Il torrente diventa improvvisamente viola (VIDEO): ''Sversamento accidentale che ha destato grande preoccupazione: il cambio di colore è stato veloce''

Il torrente Cismon in valle del Primiero ha improvvisamente cambiato colore a causa di uno sversamento. Il sindaco Depaoli: "Non c'è danno ambientale", il dirigente del servizio foreste e fauna Giovannini: ''Sostanza non tossica per la fauna ittica'' 

Il torrente diventa improvvisamente viola: Sversamento accidentale che ha destato grande preoccupazione

PRIMIERO. Il torrente è improvvisamente diventato viola. Momenti di grande preoccupazione in Primiero per il corso d'acqua che ha cambiato colore. A intervenire il personale del corpo forestale, i vigili del fuoco di Primiero e il guardiapesca dell'Associazione pescatori dilettanti.

 

L'allerta è scattata mercoledì 25 maggio quando il Cismon ha cambiato aspetto e si è completamente colorato di viola. Le autorità hanno subito avviato le indagini per capire le ragioni del cambio di colore e contestualmente sono state predisposte le analisi dell'acqua. Diverse le segnalazioni e molti i curiosi assiepati lungo la pista ciclabile che costeggia il torrente, incuriositi e anche un po' spaventati per il fenomeno. 

 

"Il liquido sversato non è fortunatamente nocivo e questo è l'aspetto più importante", dice Il Dolomiti il sindaco di Primiero San Martino di CastrozzaDaniele Depaoli. "Sono ancora in corso alcune analisi e monitoraggi in via precauzionale ma le prime verifiche scongiurano un danno ambientale: l'emergenza è rientrata in poco tempo ma ha destato molta preoccupazione e grande curiosità". 

 

 

Secondo le prime ricostruzioni, un'attività artigianale avrebbe accidentalmente versato un prodotto liquido nel corso di alcune lavorazioni.
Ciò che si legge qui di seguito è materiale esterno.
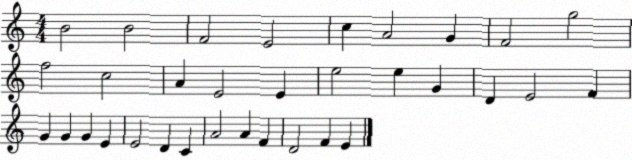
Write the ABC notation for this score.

X:1
T:Untitled
M:4/4
L:1/4
K:C
B2 B2 F2 E2 c A2 G F2 g2 f2 c2 A E2 E e2 e G D E2 F G G G E E2 D C A2 A F D2 F E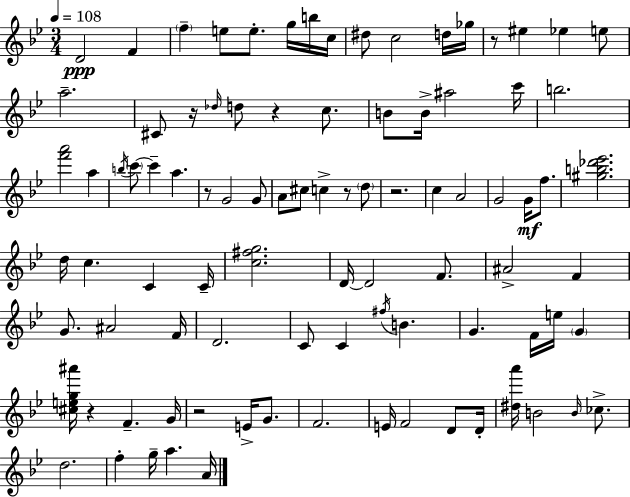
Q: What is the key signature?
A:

Tanto è bastato per far assumere la colorazione viola a tutto il torrente. "Il materiale - spiega a Il Dolomiti il dirigente del servizio foreste e fauna della Provincia di Trento, Giovanni Giovannininon si è depositato sul fondo del corso d'acqua, poi ritornato normale, ma ha continuano a scorrere fino alla diga Schener. Il materiale si è disciolto e non ci sono state conseguenze alla flora e alla fauna ittica: non ci sono stati danni".  

 

Le prime analisi indicano, fortunatamente, che non dovrebbero esserci problemi ambientali, il prodotto non sarebbe tossico e non sono stati riscontrati pesci morti. Il problema dovrebbe essere stato quindi circoscritto, anche se sono in corso ulteriori approfondimenti, per escludere qualunque criticità. "E' andata bene - aggiunge Depaoli - inoltre le autorità competenti sono riusciti a risalire velocemente all'autore di questo sversamento: l'evento è stato accidentale ma si procede con l'iter burocratico del caso". 

 

L'artigiano ha ammesso le responsabilità e ora è chiamato a rispondere del reato di immissione di rifiuti non pericolosi. "Non ci sono danni e il caso si può dire che è praticamente chiuso, resta che comunque c'è stata l'immissione di sostanze vietate nel torrente, seppur non tossiche, e quindi si prevede una sanzione", conclude Giovannini.